When the Tullahoma Bowling Lanes hosts a birthday party, each guest receives a complimentary gift bag.

“I love putting the party bags together,” Lackey said. “I have been here for about eight years.”

 

Jobs needed

“We have people who wish they would work but don’t have jobs,” Ledford said.

Several of the SDS clients are “very capable and would love to be employed,” said Ledford.

“They can do cleaning services, and outdoors and landscaping work,” Ledford said.

All SDS clients who are hired have job coaches to guide the new employees through the process and help them learn their duties.

“A lot of employers don’t understand that our individuals come in with a job coach,” Ledford said. “And the job coach works alongside our clients to help them. Job coaches are like mentors - they keep the employees on task, help them clock in and clock out.

“With the job coach, they have direction. The employers can’t stop what they are doing to teach [our clients] over and over, so the job coach is there to help out to get them going.”

The ultimate goal is to get SDS clients as independent as possible at their jobs.

In addition to the job coaches, Ledford also continues to be involved when a client of SDS is hired.

“I have to make visits each month with the employer, just to make sure there are no problems,” Ledford said. “I hardly have any complaints ever. Our guys are always going to be on time.

“They don’t want to miss work – if they have to miss work they get upset. Some of them have been employed for nine years. Once they get a job, they keep it.”

 

Why hire individuals with disabilities?

Businesses employing individuals with developmental disabilities are eligible for certain tax breaks, said Ledford.

Additionally, by hiring people with disabilities, employers gain valuable workers.

“They deserve a chance,” Ledford said. “They are always dependable. They work hard. They never complain about their job.
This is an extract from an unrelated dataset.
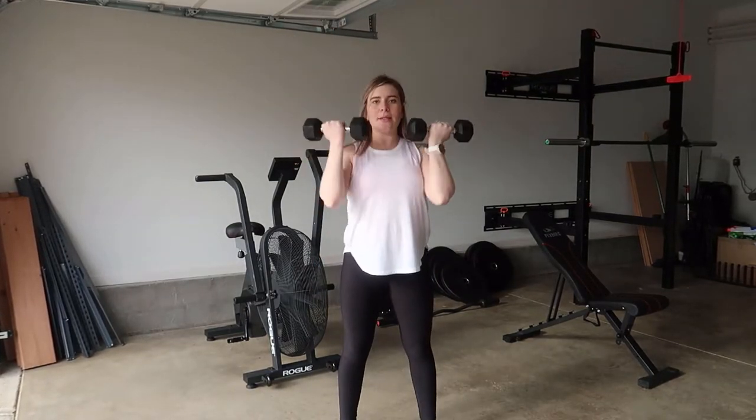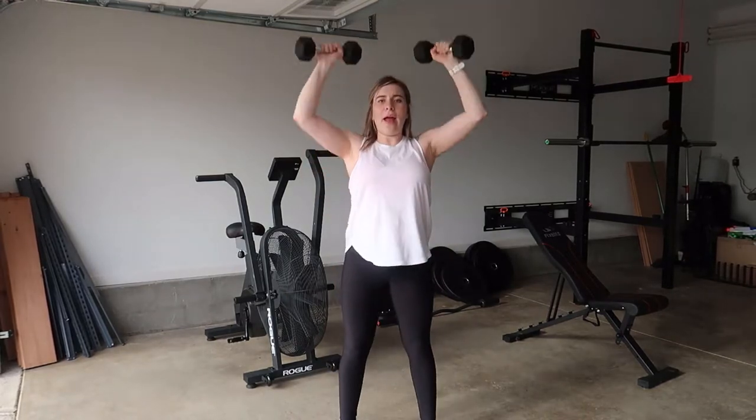So you want to come down to your squat and then you're going to come up and press. Squat and press.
They are happy to receive a paycheck.”

 

‘Embrace our guys’

The job search process is also an important process, said Ledford.
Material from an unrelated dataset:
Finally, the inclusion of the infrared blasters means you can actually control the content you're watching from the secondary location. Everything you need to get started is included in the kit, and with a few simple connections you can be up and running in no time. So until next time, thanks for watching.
“We work with them – coach them how to do a resume and how to fill out an application,” Ledford said. “We want the community to embrace our guys – they are very capable.”

Amelia Majors, SDS coordinator, encouraged local business to hire individuals with disabilities.

“They have dedication,” Majors said. “They love to have responsibility and ownership of the job.”

For more information about hiring SDS clients, call Ledford at 931-393-3840, ext. 11.

 

Tennessee ranks low in disability hiring

Data from the 2018 Annual Disability Statistics Compendium shows that while Americans with disabilities are entering the workforce in greater numbers, serious gaps in employment exist between different states.

Tennessee ranks 44 when it comes to disability employment rates in 2017.

The total number of working age people with disabilities in Tennessee is 538,061. About 33 percent of them – 179,049 – are employed.

This number is improving, however.

There have been 4,679 job gains compared with previous years.

Florida experienced the biggest growth in job numbers, with more than 23,000 people with disabilities entering the workforce.

Of the 50 states, 29 states saw job gains for Americans with disabilities.